Seeing him this close without the veil of fear and pain, she noticed how young Thomas was, probably just past twenty. But his eyes, the gateway to his soul, spoke of a man who’d endured and witnessed what most men of her time would never experience. Probably never want to experience.
He looked worse than she did. His nose was red and swollen and both eyes were black. “I’m sorry for breaking your nose.”
He grimaced and gingerly touched the bridge of his nose, but the grimace turned into a smile. She was surpri
sed to see dimples appear on both cheeks. “You did a good job, eh?”
She found herself smiling back. The action almost felt foreign.
“How is your back?”
“Better.”
He snorted. “You lie, but I thank you for it. My name is Thomas.”

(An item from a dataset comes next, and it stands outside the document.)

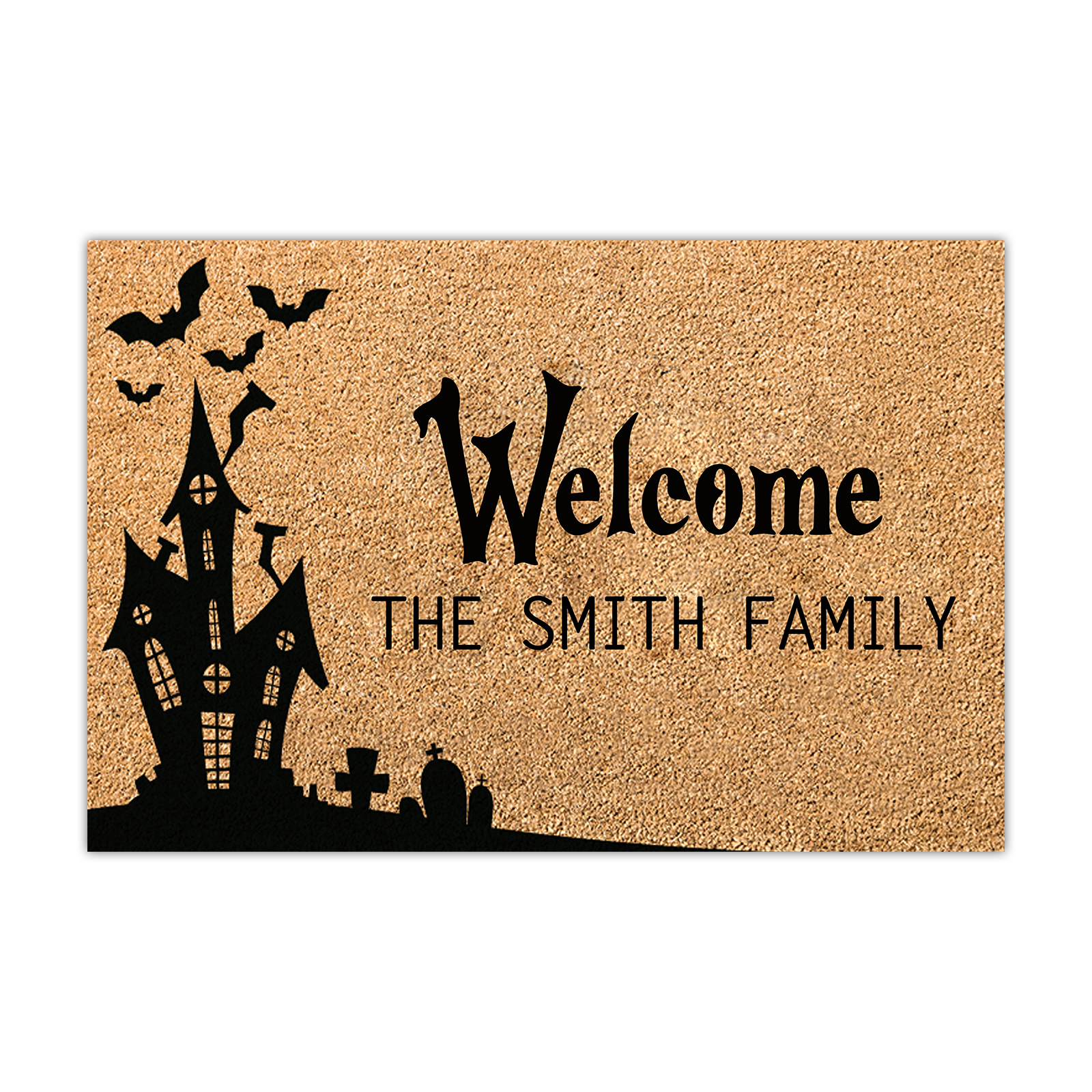 Personalised Halloween Doormat Halloween Castle Doormat Home Decor-Jessemade AU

“The quartermaster,” she said. “I remember.”
“If you ever need anything, I’m at your mercy.”
“You don’t owe me.”
“I do.”
“I broke your nose. We’re even.”
“Not even close.”
She wanted to argue but the guilt in his face and the horror of what he’d done mirrored her own and somehow, inexplicably, their combined horror forged a bond between them. “Thank you,” she said.
“Where will you go once we reach London? Mayhap I can help.”

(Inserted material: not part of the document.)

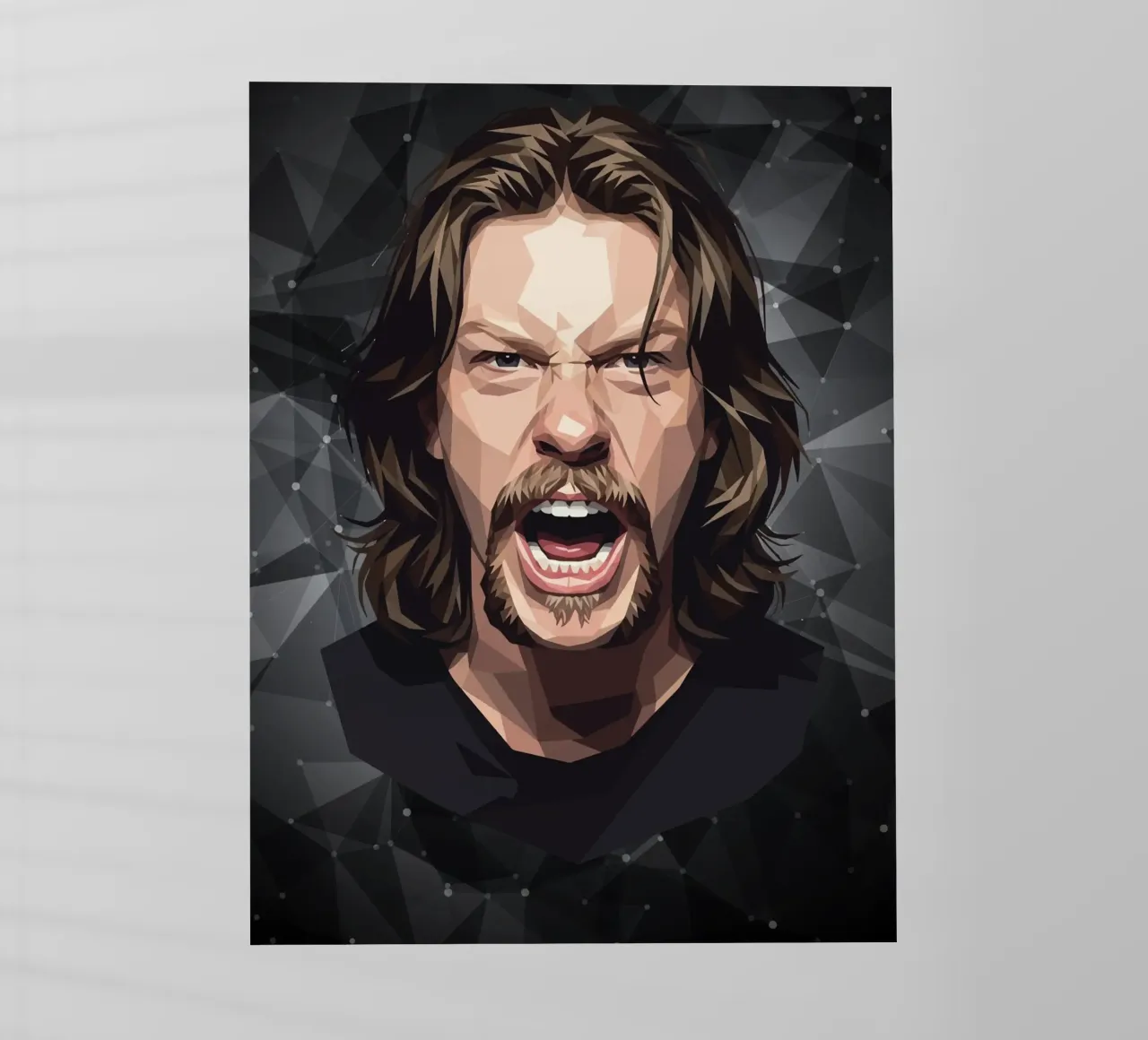 James Hetfield Urlo Low Poly pellicola backlit da Low Profile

Juliana bit her bottom lip. Mostly she thought of how to return to her own time and pushed away thoughts of what she’d do once they reached London. What if she couldn’t find a way back? What if she was stuck here forever?
“I haven’t thought that far ahead,” she admitted.
“Then allow me to help, my lady.”
She was profoundly relieved to have at least one ally in this strange journey and someone she could turn to once they reached London.
Thomas quickly straightened, his smile wiped clean by a frown. He nodded, turned on his heel and hurried off, leaving Juliana alone and confused, until she saw Morgan stalking toward her with a scowl that pulled his brows low.
“You should get some sleep,” he said gruffly.
She stared up at the sky, surprised to see it was nearly dark. Her body felt heavy, as if she had the weight of the world on her shoulders, and her back ached but she had no desire to return to the small, stuffy cabin.
“I’m fine.” She moved away from the railing. It was just her luck that she stumbled over some sailing paraphernalia. The damn stuff was strewn everywhere. Morgan’s hand shot out and grabbed her before she fell.
“You’re exhausted,” he nearly growled. “And your bandages need changing. You’re bloodying my shirt.”
He was right of course. She was being pigheaded when she should be grateful.